Daniel Falb
Bild: Tineke de Lange
Seit einigen Jahrzehnten kommen Diskursproduzent*innen und Aktivist*innen aus dem linken und rechten Spektrum in Einem überein: der auf Dauer gestellten Empfindung der eigenen Niederlage. Wenn es als apriorisch gesetzt erscheint, dass sich das eigene politische Leben als Kette von Niederlagen darstellen muss, tritt jedoch die Frage nach der Qualität des Mindsets, der politischen Software, die in uns diese Empfindung erzeugt, in den Vordergrund: Vielleicht stimmt etwas mit diesem Mindset nicht und man liegt einfach falsch, so zu empfinden? In seiner Vorlesung verfolgt Daniel Falb eine Genealogie dieser Stimmungslage bis in die Geschichtsphilosophie der Aufklärung zurück und entwirft anhand eigener theoretischer wie literarischer Arbeiten einen radikal anderen Interpretationsrahmen für die Gegenwart: aus evolutionärer deep time erzeugt, unterliegt sie posthumanen Eigendynamiken, denen kein Aufklärungsversprechen beikommt. Das neue Szenario wird mittels Lektüren von Graeber/Wengrow und des Komplexitätstheoretikers Peter Turchin erhärtet und illustriert.

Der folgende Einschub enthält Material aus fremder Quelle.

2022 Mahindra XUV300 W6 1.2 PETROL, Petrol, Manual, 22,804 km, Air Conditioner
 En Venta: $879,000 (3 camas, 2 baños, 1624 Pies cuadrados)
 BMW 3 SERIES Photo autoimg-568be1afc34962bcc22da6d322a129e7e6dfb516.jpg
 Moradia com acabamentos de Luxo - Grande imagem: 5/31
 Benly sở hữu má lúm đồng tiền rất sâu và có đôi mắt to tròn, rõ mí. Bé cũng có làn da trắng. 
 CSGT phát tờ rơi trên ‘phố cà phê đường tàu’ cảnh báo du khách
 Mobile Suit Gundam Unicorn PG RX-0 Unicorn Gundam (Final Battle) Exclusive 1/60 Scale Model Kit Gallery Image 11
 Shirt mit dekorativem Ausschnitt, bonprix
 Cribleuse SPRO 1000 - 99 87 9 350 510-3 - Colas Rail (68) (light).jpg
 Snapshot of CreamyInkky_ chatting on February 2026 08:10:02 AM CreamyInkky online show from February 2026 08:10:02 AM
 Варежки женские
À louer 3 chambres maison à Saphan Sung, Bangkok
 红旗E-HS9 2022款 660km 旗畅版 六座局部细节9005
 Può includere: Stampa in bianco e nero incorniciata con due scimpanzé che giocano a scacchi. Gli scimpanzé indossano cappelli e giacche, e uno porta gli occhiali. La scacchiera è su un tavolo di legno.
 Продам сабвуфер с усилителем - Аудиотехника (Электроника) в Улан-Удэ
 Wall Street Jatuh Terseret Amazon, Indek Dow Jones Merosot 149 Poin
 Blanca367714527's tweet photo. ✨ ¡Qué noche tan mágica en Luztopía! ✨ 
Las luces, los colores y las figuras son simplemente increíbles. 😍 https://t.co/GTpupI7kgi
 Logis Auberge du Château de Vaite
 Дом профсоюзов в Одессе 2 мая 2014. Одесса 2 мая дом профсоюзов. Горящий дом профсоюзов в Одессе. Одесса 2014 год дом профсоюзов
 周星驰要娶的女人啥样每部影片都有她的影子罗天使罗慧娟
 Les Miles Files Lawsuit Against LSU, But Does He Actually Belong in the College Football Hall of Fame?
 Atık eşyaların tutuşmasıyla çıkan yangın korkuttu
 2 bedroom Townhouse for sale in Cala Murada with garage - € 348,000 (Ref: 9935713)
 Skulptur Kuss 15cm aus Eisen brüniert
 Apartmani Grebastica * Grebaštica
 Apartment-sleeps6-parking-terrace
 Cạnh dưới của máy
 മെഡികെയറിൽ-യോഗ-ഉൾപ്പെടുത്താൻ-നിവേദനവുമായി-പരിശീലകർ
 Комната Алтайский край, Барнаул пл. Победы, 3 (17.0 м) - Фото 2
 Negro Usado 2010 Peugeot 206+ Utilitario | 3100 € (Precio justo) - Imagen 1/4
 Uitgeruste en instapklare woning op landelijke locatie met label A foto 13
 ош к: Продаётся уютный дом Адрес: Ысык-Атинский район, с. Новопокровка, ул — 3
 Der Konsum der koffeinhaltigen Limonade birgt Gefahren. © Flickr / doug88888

Daniel Falb ist Lyriker und Theoretiker. Er lebt und arbeitet in Berlin, wo er Philosophie studierte und mit einer Arbeit zum Begriff der Kollektivität promovierte. Er veröffentlichte vier Gedichtbände im Verlag kookbooks, zuletzt Orchidee und Technofossil (2019). Daneben hat Falb zur Geophilosophie, zur Theorie der Weltbevölkerung sowie zu Fragen von Poetik und Kunsttheorie gearbeitet. Nach Anthropozän. Dichtung in der Gegenwartsgeologie (Verlagshaus Berlin 2015) erschien 2019 der Essay Geospekulationen. Metaphysik für die Erde im Anthropozän (Merve). Falbs letzte Veröffentlichungen sind COVID und Lebensform (Merve 2021), eine Sammlung von Essays und Gedichten zur Covidpandemie, sowie der philosophische Bildessay Mystique der Weltbevölkerung (Merve 2022). In Frühjahr 2023 erscheint der Gedichtband Deutschland. Ein Weltmärchen (In leichter Sprache) bei kookbooks.